Gerebek Hotel di Jambi, Polisi Sita 2 Kg Sabu dan 5.051 Ekstasi, 3 Tersangka Ditangkap

Jumpa pers penangkapan pengedar narkoba di jambi

JBCNEWS.ID – Aparat Polresta Jambi mengungkap kasus peredaran narkotika dalam jumlah besar dengan menyita sekitar 2 kilogram sabu dan 5.051 butir pil ekstasi dalam penggerebekan di sebuah hotel kawasan Payo Lebar, Kota Jambi.

Pengungkapan kasus tersebut dilakukan oleh Satuan Reserse Narkoba pada Sabtu (4/4/2026) dini hari, setelah menerima laporan masyarakat terkait aktivitas mencurigakan yang diduga berkaitan dengan peredaran narkoba.

Kapolresta Jambi, Boy Sutan Binanga Siregar, mengatakan pengungkapan ini merupakan bagian dari komitmen kepolisian dalam memberantas jaringan peredaran narkotika di wilayah hukumnya.

“Ini langkah nyata kami dalam memutus mata rantai peredaran narkoba, khususnya di Kota Jambi,” ujarnya dalam keterangan pers, Senin (6/4/2026).
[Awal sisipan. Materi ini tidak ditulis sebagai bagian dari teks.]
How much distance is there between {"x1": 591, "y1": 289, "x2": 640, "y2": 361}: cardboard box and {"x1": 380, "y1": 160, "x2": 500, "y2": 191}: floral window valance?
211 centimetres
Dari hasil penyelidikan, polisi melakukan penggerebekan di salah satu kamar Hotel Harisman Residence sekitar pukul 00.30 WIB. Dalam operasi tersebut, petugas mengamankan tiga tersangka berinisial RL (43), RT (29), dan SA (25).

Hasil penggeledahan menemukan satu tas berisi dua paket besar sabu dengan berat sekitar 2.000 gram serta 50 bungkus pil ekstasi dengan total 5.051 butir.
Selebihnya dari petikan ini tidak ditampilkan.